As is clear from this graph, the surface temperature of the outer tank and nozzle bracket of the low-temperature liquefied gas flow down device according to the present invention is close to the outside air temperature.

Therefore, it is proven that the conduction of heat from the inner tank to the outer tank is significantly less.

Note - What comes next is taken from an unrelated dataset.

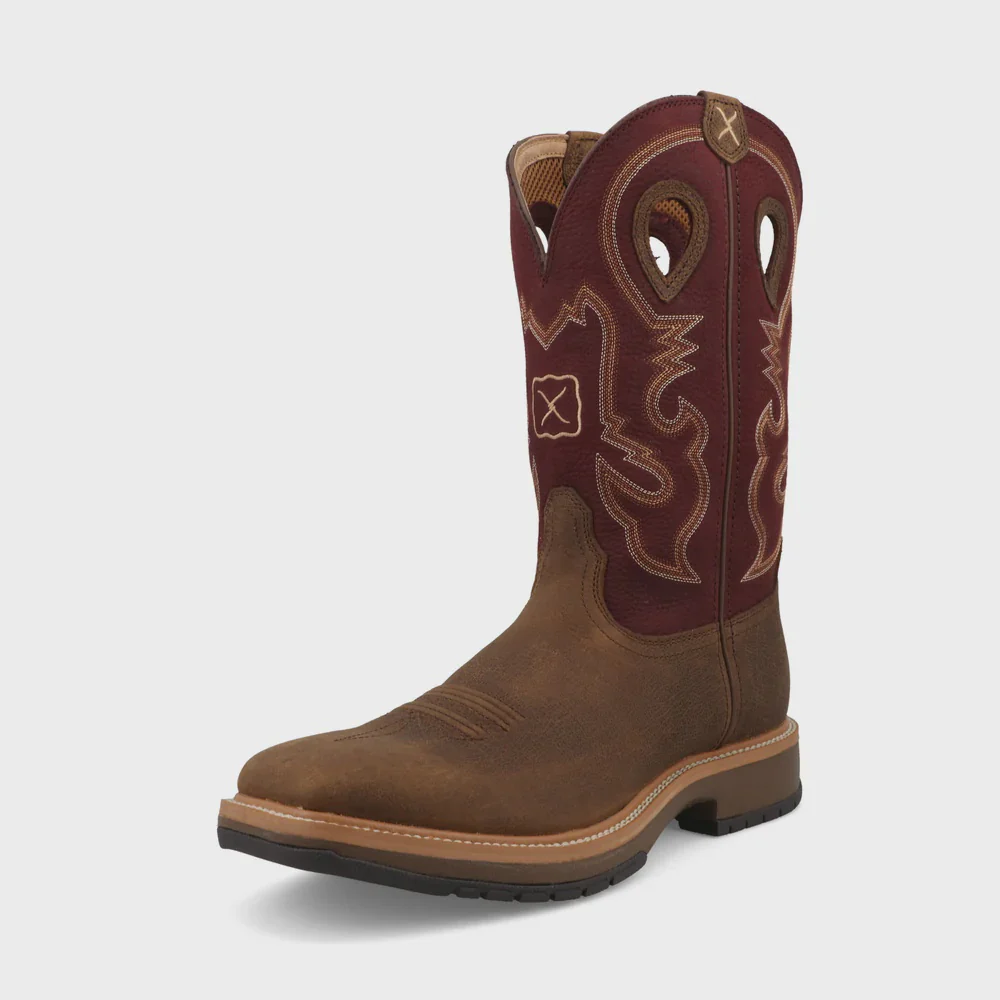 Men's 12" Horseman - Brunette & Oxblood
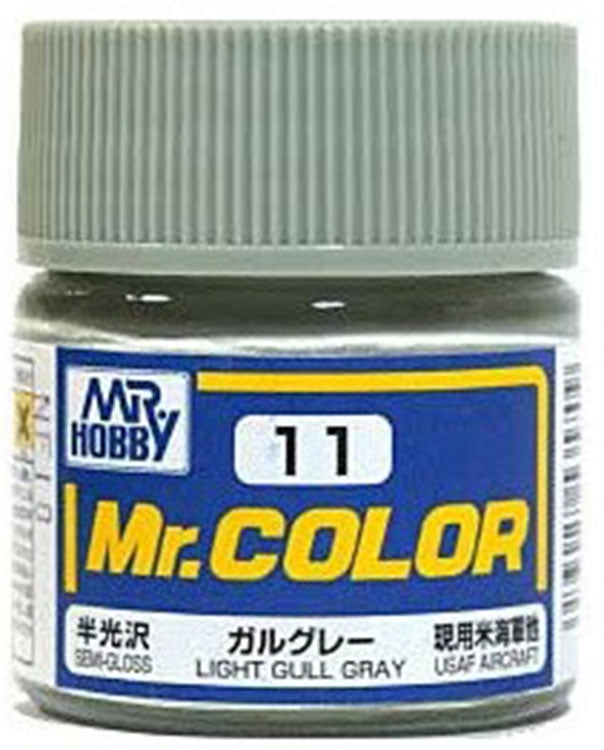 GSI Creos Mr. Color 011 Light Gull Gray 10ml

[Brief explanation of drawings]

Fig. 1 is a longitudinal cross-sectional view showing a low-temperature liquefied gas flow-down device of the present invention, Fig. 2 is a longitudinal cross-sectional view showing a conventional low-temperature liquefied gas flow-down device, and Fig. 3 is a longitudinal cross-sectional view showing a low-temperature liquefied gas flow-down device of the present invention. Drawings showing each control system, Fig. 4 is a drawing showing another embodiment of the present invention, and Fig. 5 shows the surface temperature of each part of the outer tank and nozzle bracket of this invention and a conventional low-temperature liquefied gas flow device. This is the graph shown. 1 - Inner tank, 2 - Low temperature liquefied gas storage tank 3 - Low temperature liquefied gas, 4 - Gas-liquid separator 8, - Outer tank, 9 - [41) i Heat section 10 - Nozzle bracket, 1oa-----Nozzle 16---1 conduit, 1
7---Gas injection nozzle 18- Inner tank upper member, 19-
-～-・Outer tank lower member 21- Internal pressure vessel, A--Liquid level control system Applicant: Takeuchi Press Kogyo Co., Ltd. Taiyo Sanso Co., Ltd. Figure 2

Claims (3)

[Claims] (1) An inner tank that stores the low-temperature liquefied gas supplied from the low-temperature liquefied gas storage tank in the state of liquid and vaporized gas, and is equipped with a liquid level control system that keeps the liquid level constant; An outer tank provided on the outer periphery and surrounding the inner tank via a heat insulating part, a flow conduit that allows the liquid contained in the inner tank to flow down continuously or intermittently, and a flow conduit at the tip of the flow conduit. A low temperature liquefied gas flow down device having a nozzle arranged at least, the nozzle, a nozzle bracket, an outer tank lower member continuous to the nozzle bracket and surrounding the flow conduit, and an inner tank provided in the upper part of the inner tank. On the upper part,
Unsaturated polyester, epoxy resin, melamine resin, phenolic resin, urethane resin, silicone rubber, fluororubber, long chain polyamide, polyimide, polycarbonate,
A low-temperature liquefied gas flowing device characterized in that one type or a mixture of two or more types selected from the group consisting of furan resin, polysulfone, butadiene-acrylonitrile synthetic rubber, and modified products thereof is used. (2) The low-temperature liquefied gas flow down device according to claim 1, further comprising a conduit and a gas injection nozzle for spraying the vaporized gas from the upper part of the inner tank onto a nozzle and a nozzle bracket. (3) The low-temperature liquefied gas flowing down device according to claim 1, wherein the low-temperature liquefied gas storage tank is a self-pressurizing internal pressure vessel.